- GIVEN RECORDS:
•••••
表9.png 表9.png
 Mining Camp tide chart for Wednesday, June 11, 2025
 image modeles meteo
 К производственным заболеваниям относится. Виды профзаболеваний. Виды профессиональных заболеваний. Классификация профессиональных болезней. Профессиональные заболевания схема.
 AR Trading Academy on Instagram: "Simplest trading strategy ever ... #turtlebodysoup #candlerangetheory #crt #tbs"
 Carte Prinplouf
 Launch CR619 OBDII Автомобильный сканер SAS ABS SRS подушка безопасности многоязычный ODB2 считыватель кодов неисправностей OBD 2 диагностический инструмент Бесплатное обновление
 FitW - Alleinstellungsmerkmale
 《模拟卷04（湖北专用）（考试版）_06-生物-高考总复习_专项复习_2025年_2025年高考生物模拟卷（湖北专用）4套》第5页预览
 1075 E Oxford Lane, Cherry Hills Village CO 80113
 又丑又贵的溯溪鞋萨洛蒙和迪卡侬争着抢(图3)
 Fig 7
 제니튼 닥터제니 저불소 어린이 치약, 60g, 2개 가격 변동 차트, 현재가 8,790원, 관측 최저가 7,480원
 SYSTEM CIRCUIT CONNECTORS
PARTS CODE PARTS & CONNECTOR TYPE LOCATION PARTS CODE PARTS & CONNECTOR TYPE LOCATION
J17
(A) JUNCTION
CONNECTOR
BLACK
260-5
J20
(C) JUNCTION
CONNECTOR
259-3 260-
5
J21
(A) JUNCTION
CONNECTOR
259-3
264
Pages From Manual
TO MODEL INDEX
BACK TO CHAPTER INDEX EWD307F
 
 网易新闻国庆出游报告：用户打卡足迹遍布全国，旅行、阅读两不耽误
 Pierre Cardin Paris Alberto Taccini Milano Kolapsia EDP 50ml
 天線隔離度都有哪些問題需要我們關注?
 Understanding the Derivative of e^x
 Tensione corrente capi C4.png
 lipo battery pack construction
•••••
- EXERCISE OBJECTIVE:
Work out how many lines in the material above include the word "INDEX", and write down that number alone.

- RESPONSE AREA:
2